Hospitals do not have a way to easily attract and capture new patients—consumers. Neither do their clinics—no walk-ins allowed. Hospitals only have a way to fill a time slot weeks or months away with a scheduled patient.
So, until providers get into retail medicine the way the average consumer understands retail medicine, what can they do strategically to disrupt their business model in a way that is beneficial to them?
- Phase 1—Hire floaters. Hire someone who could see a patient who wanted to be seen. Wow, that was easy. You may think that would be expensive because doctors are expensive. Doctors who do not see patients eight hours a day are expensive. However, if the value of an average patient is worth $200,000, how many patients a week does the floater need to see to make it cost effective?

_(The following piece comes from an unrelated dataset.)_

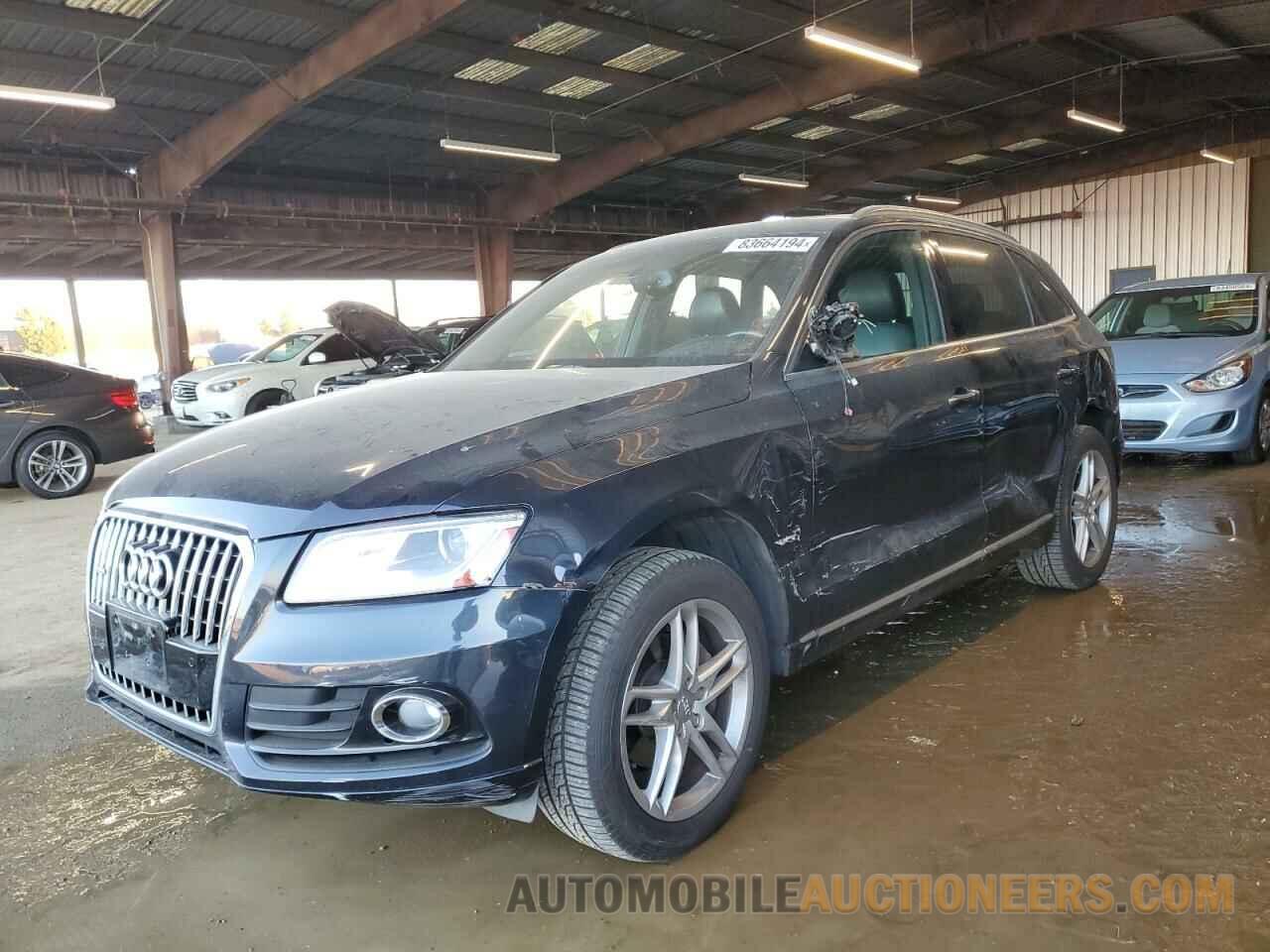 WA1LFAFP9FA125582 AUDI Q5 2015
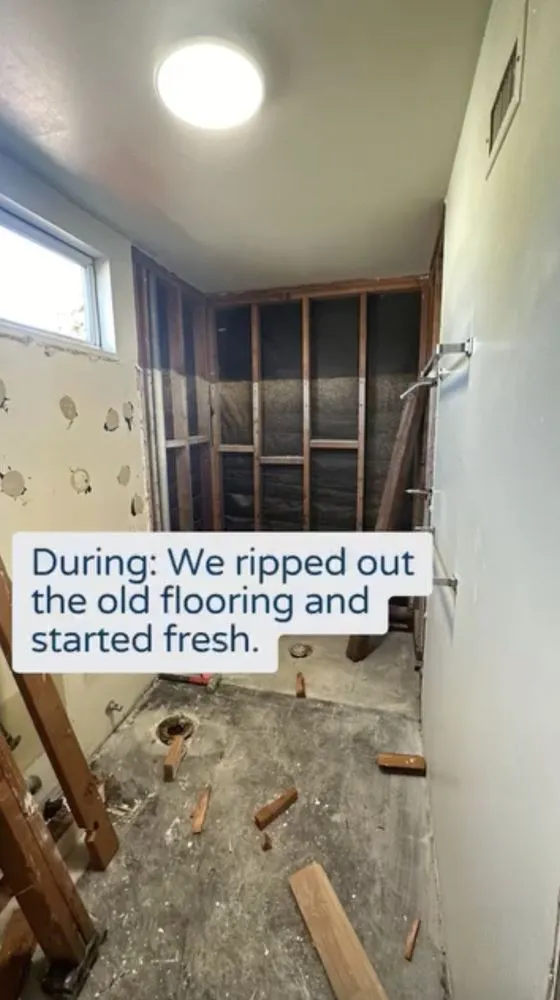 Slide of 1800 Construction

- Phase 2—UberMD. We both know scheduling, especially scheduling new patients, can be a disaster (for the patient). They want to be seen now, but you do not have an opening in the next six weeks. From the patient’s perspective, that equates to zero access. I called the children’s hospital of a large New England health system asking to see an orthopedic surgeon. The first available appointment was in six weeks. That same health system had more than a hundred orthopedists on staff, but since those doctors were not at children’s my request hit a wall.
What if this type of solution was available? Take the Uber concept, multiply it by negative one, and out comes UberMD. Instead of alerting all of the Uber drivers in my area that I need a ride and sending one to me, UberMD alerts all of the orthopedists in the health system and lets them know I need an appointment. The health system’s doctors reply to my service request and I have an appointment much sooner than six weeks.
Patient capture. Patient satisfaction. On demand access.